Но кроме меня никто не радуется новому месту, мама с отцом продолжают спорить. Слюны набралось уже так много, что она стекает по щеке, но мама не оборачивается, а папа уже не отгоняет насекомых, он рубит воздух большими своими руками. Я начинаю сильнее дышать, мне кажется, что я сейчас захлебнусь слюной и никто не заметит. Рукой я скребу по простыне, пытаясь помахать родителям, но кроме тихого скрипа пальцев, ничего не выходит. Я пытаюсь издать звук ртом, хриплю, слюни летят во все стороны и даже попадают в глаз. Горло сводит еще больше, и я всеми силами пытаюсь дернуть руку, ударяю ею о тумбочку, и, наконец, мама поворачивается.

Она не касается отца, а тут же бежит ко мне, вытирает рот салфеткой и достает влажные полотенца. Мне становится наконец лучше, мягкая ткань снимает спазм и отгоняет опасность.

Отец не сразу подходит к моей кровати, он опускает голову, трясет ею, как будто с чем-то не согласен и смотрит куда-то между мной и мамой. Из густой тишины, я слышу обрывки его слов. «Устал-тал-тал». Он несколько раз четко произносит это слово, иногда разделяя его на слоги и резко отчеканивая каждый из них, а иногда — словно пропевая. Но с моего ракурса он не выглядит усталым. Может, немного запыхавшимся, но в целом, напротив, он больше похож на полного сил африканского тигра, готовящегося к стремительному броску. Я вижу, что он не размахивает больше руками, они плотно сжаты в кулаки, и так же сильно напряжено его лицо. Он делает глубокий вдох ноздрями, подходит ближе к кровати, но не касается меня. Теперь я слышу его четче.

«Ну что ты его все время трешь? Ты даже не знаешь, нравится ли ему это. Понимает ли он что-то? Ценит ли, что ты его сюда перевезла? Очень вероятно, что это все фикция. Твои выдумки. А он даже не узнает нас».

Как это не понимаю? Как это не узнаю? Я боюсь, что мама поверит и остановится, и хочу дотронуться до нее, показать ей, чтоб продолжала. Ее рука близко, и кажется, что мне требуется совсем немного сил, чтобы дотянуться к ее пальцам, с нежными голубоватыми лунками и такими же венками, проступающими под прозрачной кожей. Я вытягиваю один палец, затем другой, мне нужно совсем немного сил, и я смогу объяснить все маме. Я напрягаю правую часть ладони (левая плохо слушается меня), затем кисть, и даже онемевший локоть немного оживает от моего усилия, и вот я уже всем телом тянусь к ней.

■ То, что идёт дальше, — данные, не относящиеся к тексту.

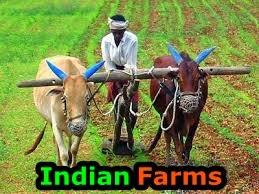 Indian-Farms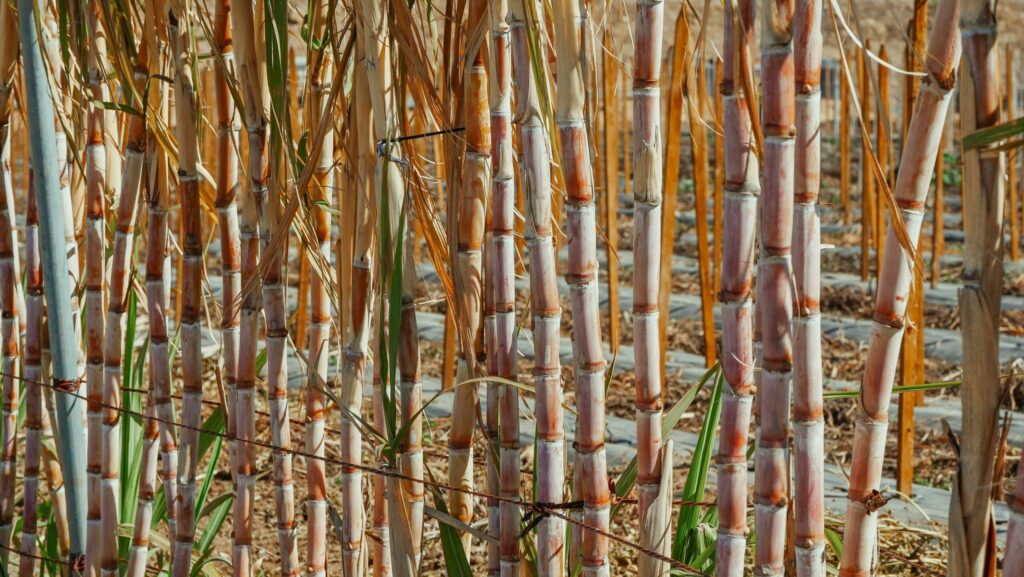 sugar cane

«Туда хотя бы ездить было близко, и Анна эта приходила, — папа снова смотрит прямо на маму, — а сюда мне полтора часа от офиса. Но тебе все равно, да? Меня же ты никогда не спрашиваешь! Я же не имею права голоса. У тебя же есть эта… интуиция. Ей же видней, чем мне».

Он снова неестественно громко набирает воздух, уводит взгляд в сливочную стену: «Ну знаешь, пусть она, твоя интуиция, тогда и платит за это все. А я все, с меня хватит». И я больше не слышу папу, он исчезает.

А я боюсь, что мама ему поверит и тоже пропадет, и прохладные полотенца закончатся, и парка не будет, и я прикладываю всю-всю свою силу, чтобы дотянуться до мамы. Рука не слушается и я бьюсь пальцами о матрас, но напрягаю их еще и еще, и ладонь срывается, я резко и неловко хватаю маму за запястье. Она вскрикивает от неожиданности, выхватывает руку и прижимает ее к губам. Она смотрит на меня своими мокрыми красными глазами, сжимает губы в тонкую бесцветную полосочку и морщит болезненно нос. Эх, наверно, слишком сильно схватил ее, прости, мама.